- Opening Delimiter -

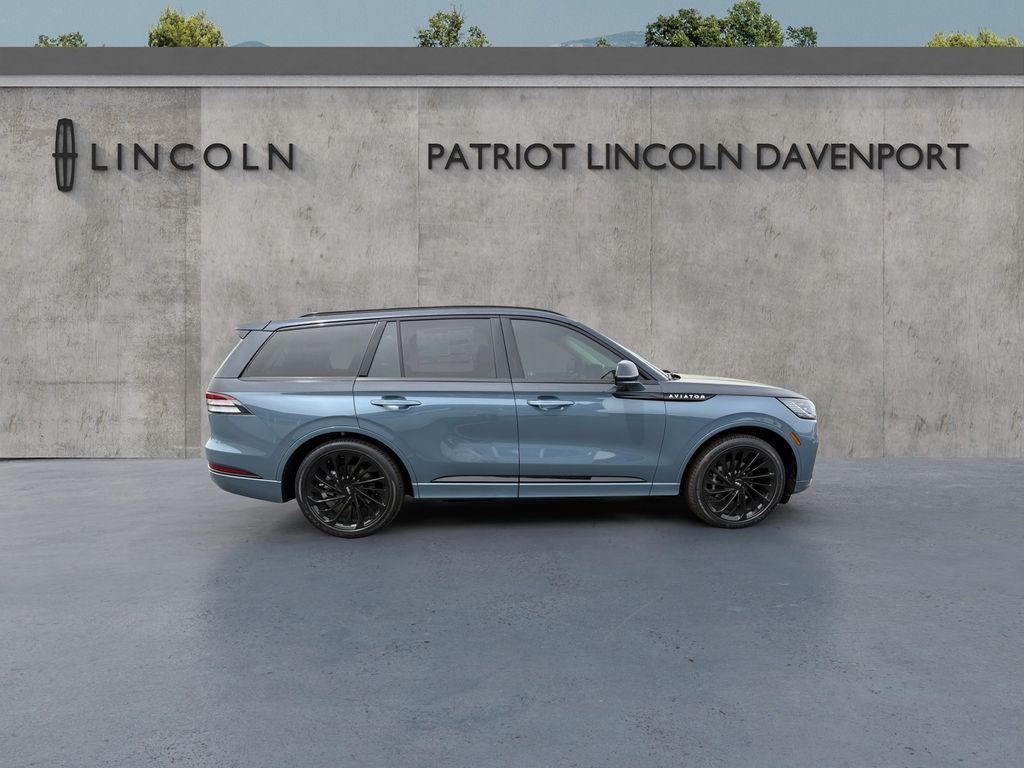 new 2025 Lincoln Aviator car, priced at $77,312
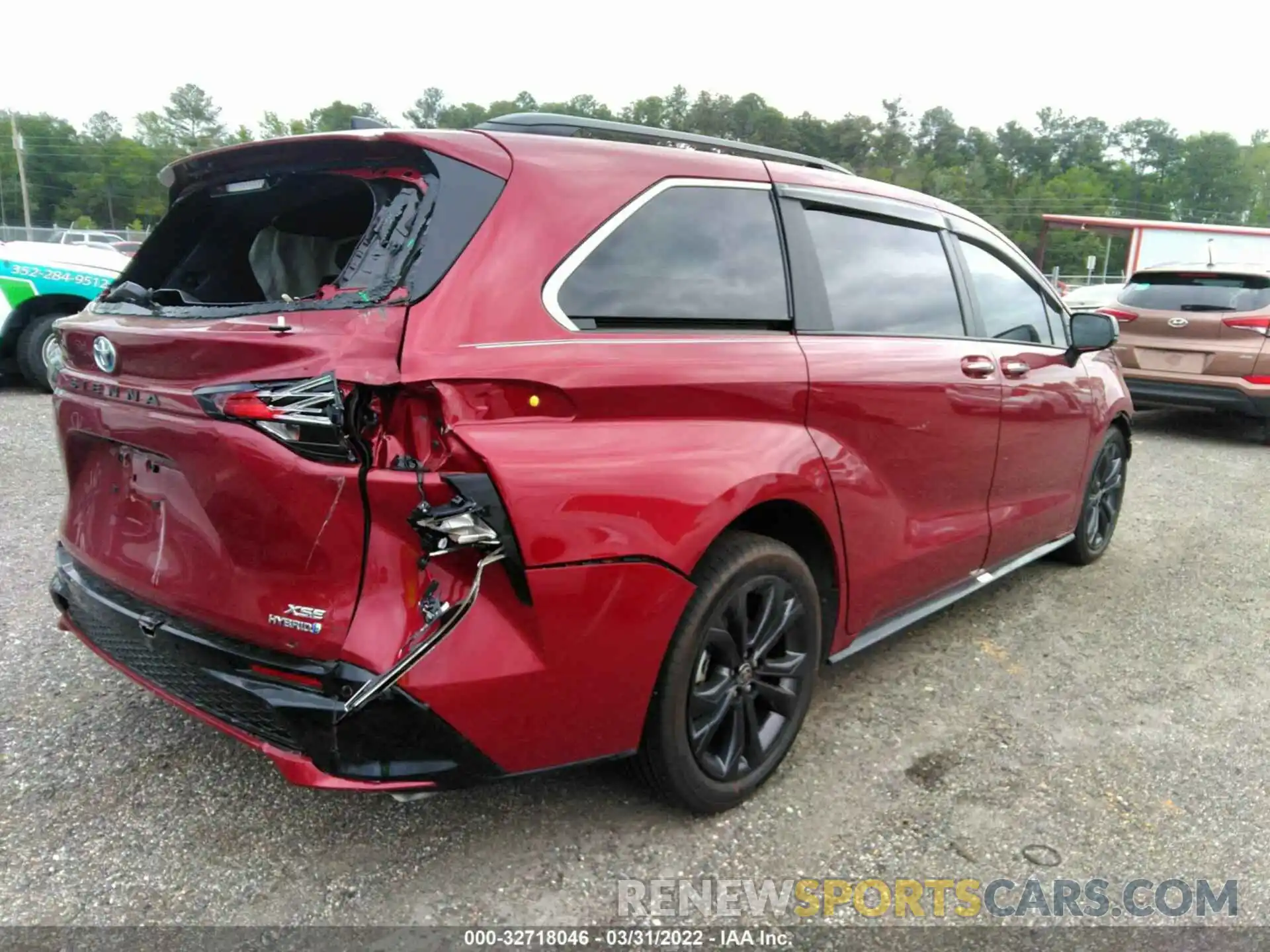 4 Photograph of a damaged car 5TDXRKEC5NS102112 TOYOTA SIENNA 2022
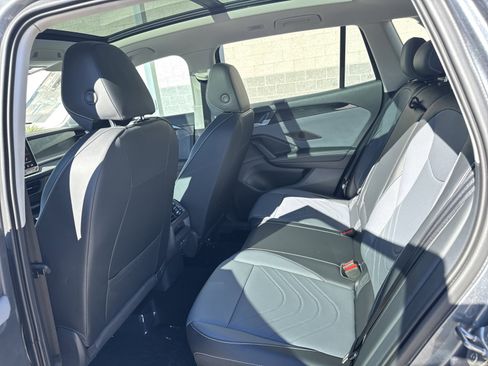 New 2026 Volkswagen Tiguan SE image 18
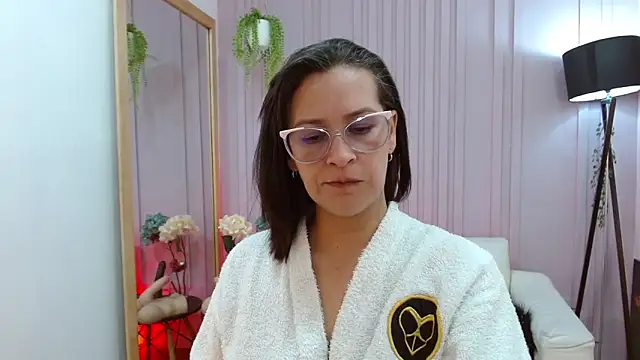 Britney taylor  online show from 01/03/25, 09:47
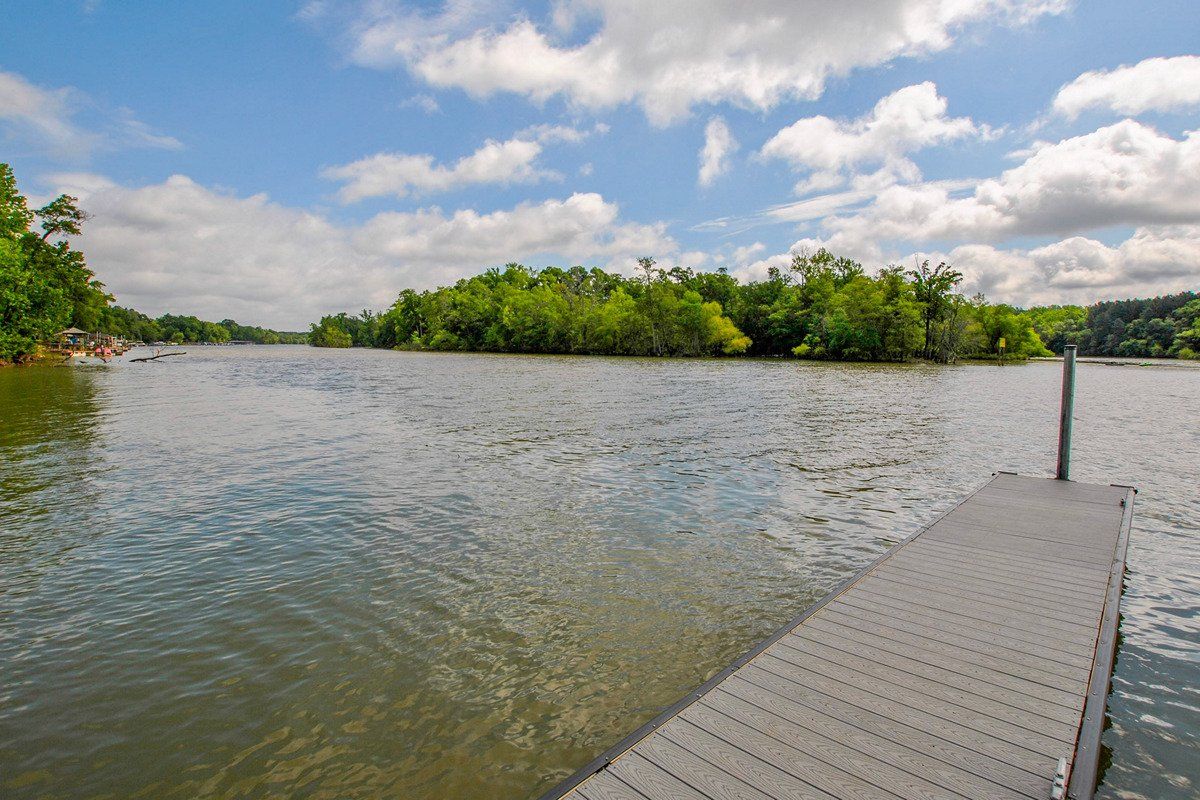 Water's Edge Boat Slips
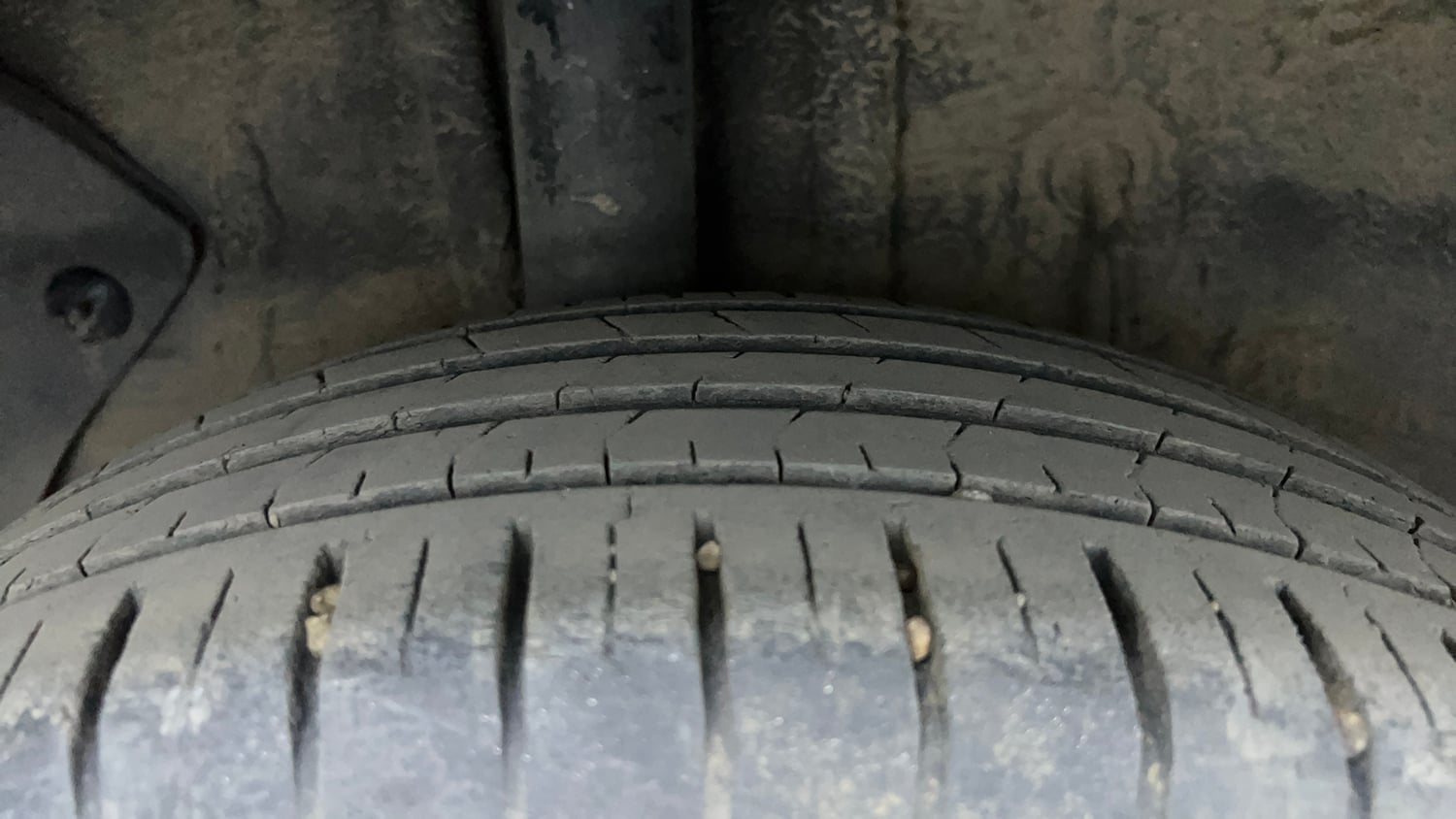 Used 2017 Hyundai Elite i20 Asta 1.2 Petrol Manual tyres RIGHT REAR TYRE TREAD VIEW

- Closing Delimiter -

- **Exercise instructions**
Please write out all the entries above exactly, but leave out the pictures.

- **Result of this exercise**
 new 2025 Lincoln Aviator car, priced at $77,312
 4 Photograph of a damaged car 5TDXRKEC5NS102112 TOYOTA SIENNA 2022
 New 2026 Volkswagen Tiguan SE image 18
 Britney taylor  online show from 01/03/25, 09:47
 Water's Edge Boat Slips
 Used 2017 Hyundai Elite i20 Asta 1.2 Petrol Manual tyres RIGHT REAR TYRE TREAD VIEW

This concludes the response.